Mark Riedl, an AI researcher from Georgia Tech in Atlanta, believes creativity is a good indicator of intelligence. Unlike the Turing test, which requires a machine to fool a human through conversation, Riedl’s Lovelace 2.0 test judges a machine’s intelligence according to how well it responds to requests to create something, such as “A picture of a penguin in a spacesuit on Mars.”

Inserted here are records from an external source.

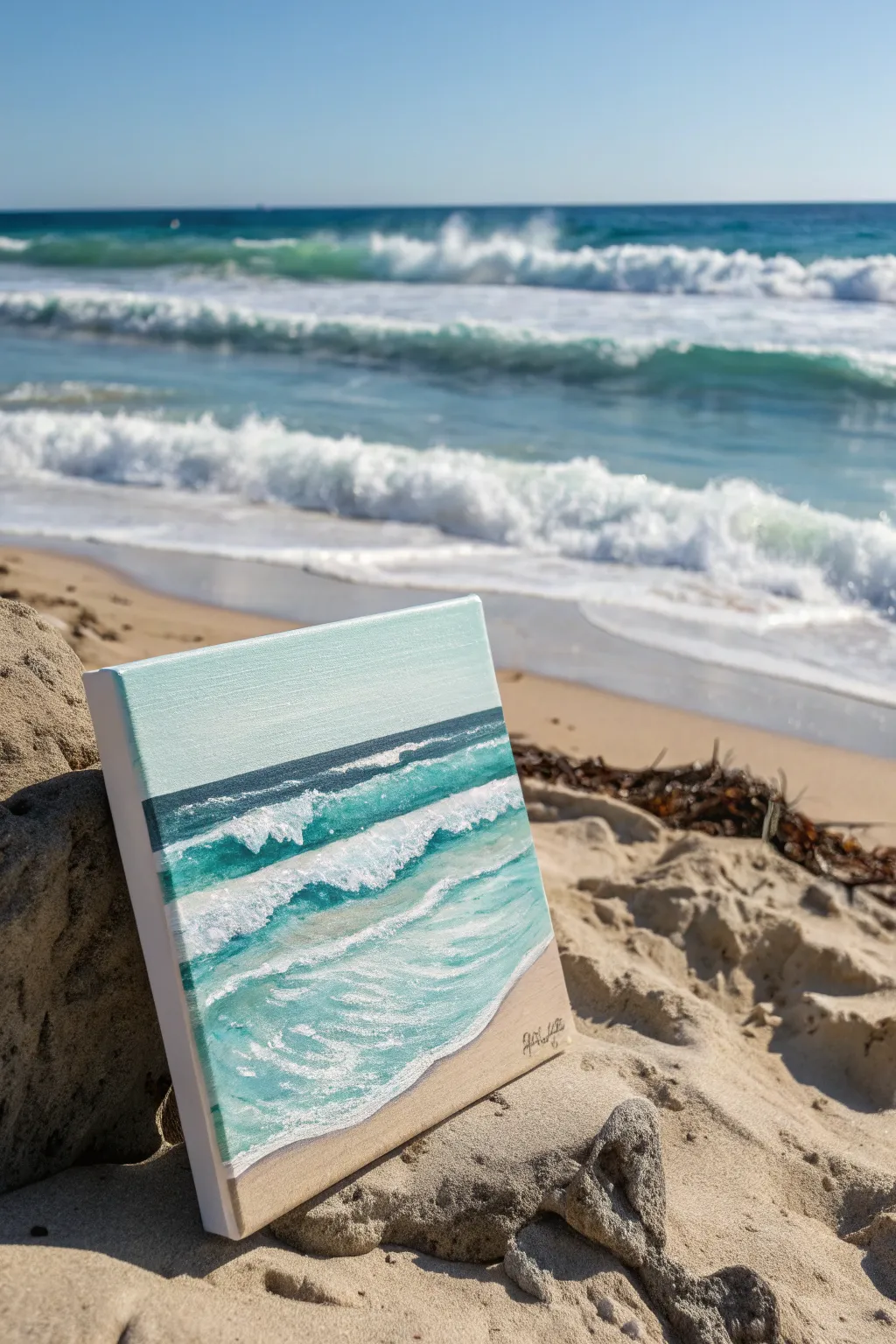 Simple scalloped foam lines create calming rolling waves in this minimalist beginner beach painting.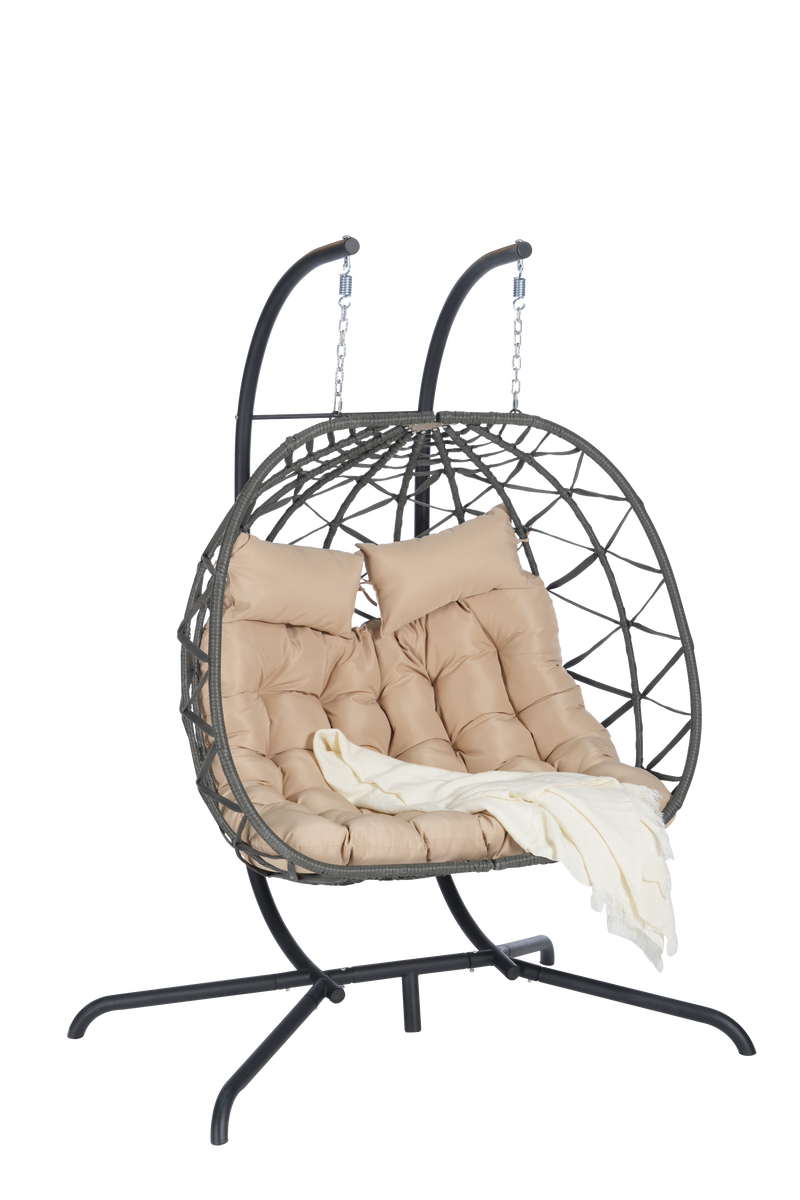 2 Person Outdoor Rattan Hanging Chair Patio Wicker Egg Chair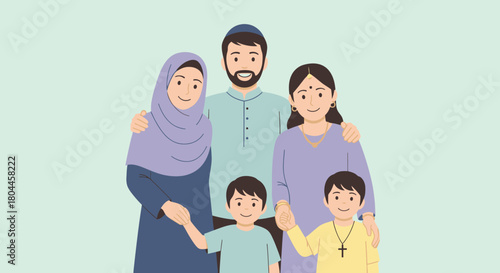 Diverse family portrait with parents, children, representing different religions together.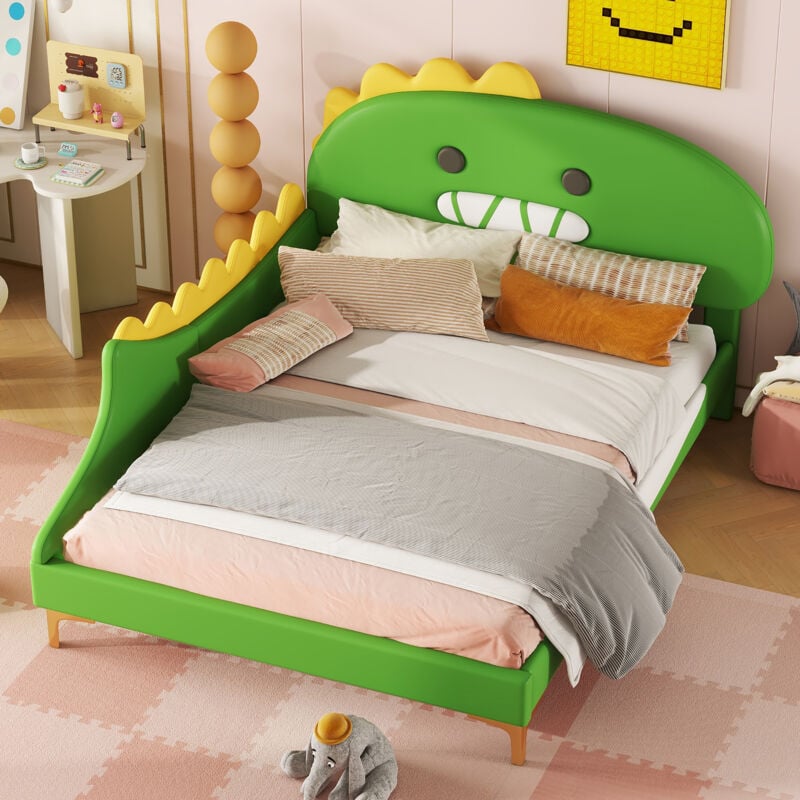 Lit enfant 140 x 200 cm, lit double en forme de dinosaure dessin animé, pu, sans matelas, vert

DALL-E scores well on this test. Intelligence is a sliding scale. Our intelligence tests must adapt as we create better machines. Chatbots can mimic human conversation and pass the Turing test in a narrow way. They are still mindless, however.
But ideas about what “create” and “understand”, change, according to Riedl. These terms are ill-defined, and subject to debate.” Riedl says that a bee understands the meaning of yellow because it acts upon that information. Riedl says that AI systems are far from being able to understand human understanding if understanding is defined as such. But I would also argue these art-generation system have some basic understanding that overlaps human understanding,” he said. “They can put on a tutu on the radish in exactly the same place as a human would.”
DALL-E 2 works on information and produces images that meet human expectations. AIs such as DALL-E force us to ask these questions and consider what these terms mean.
OpenAI is clear about its position. Dhariwal says that the goal is to create general intelligence. “Building models like DALL-E 2 that connect vision and language is a crucial step in our larger goal of teaching machines to perceive the world the way humans do, and eventually developing AGI.”
I’m a journalist who specializes in investigative reporting and writing. I have written for the New York Times and other publications.